Victors of Kupyansk 2
The victors of Kupyansk, near Kharkiv-Twitter/IAPonomarenko/Illia Ponomarenko

SILVER SPRING—When this war began, I barely slept for weeks.  What I and most others understood to essentially be the second most powerful military on earth had finally brought the hammer down on Ukraine, and was clearly going for regime change and who knows how much outright conquest (a lot; even before February 24, I noted it was clear Russian President Vladimir Putin was determined to have Ukraine at best be a vassal and at worst be annexed by Russia as part of a growing tsarist-like Empire).  I was afraid that at any point in time, Kyiv would be turned into Grozny/Aleppo, killing thousands and thousands of civilians in the process, or that we’d find Ukrainian President Volodymyr Zelensky dead, strung up on a lamp post or shot in the head by assassins.

I thought Ukraine might put up a decent if brief fight, but that there was very little hope for fending off the Russians, and my dread was all consuming.

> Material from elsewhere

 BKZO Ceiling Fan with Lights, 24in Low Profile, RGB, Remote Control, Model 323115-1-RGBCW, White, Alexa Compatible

But then, even very early on, it was clear that Russia was taking horrific, historic casualties (as I pointed out, in not even two weeks, apparently more than U.S. forces suffered in the Iraq and Afghanistan wars combined).  It was clear the Russian soldiers were not being well-led.  It was clear that their logistics were terrible.  It was clear that Russian troops did not have enough food or water.  It was clear that their communications were not secure and their combined arms coordination was poor.  It was clear that they did not have enough troops to take, let alone occupy, Kyiv.  It was clear they did not maintain their vehicles well.  It was clear they had no answer to or defense against Javelin and other anti-tank missiles. And then, starting in late March, there was that spectacular collapse of Russian forces on the Kyiv, Chernihiv, and Sumy fronts.  Not long after, the sinking of the Russian Navy’s Black Sea Fleet flagship, the Moskva (I am likely the only person who predicted in an article that it would be sunk, at least in English), made it clear it could not defend against anti-ship missiles (and once you understood that, it was only logical that Crimea would be in play, as I noted in April).

What we were witnessing, in the social media age in an unprecedented way in its ultradocumentation, was one of the most thrilling upsets in military history, and it was only just getting started.  It was the most surprising, remarkable thing I have witnessed in my entire adult life.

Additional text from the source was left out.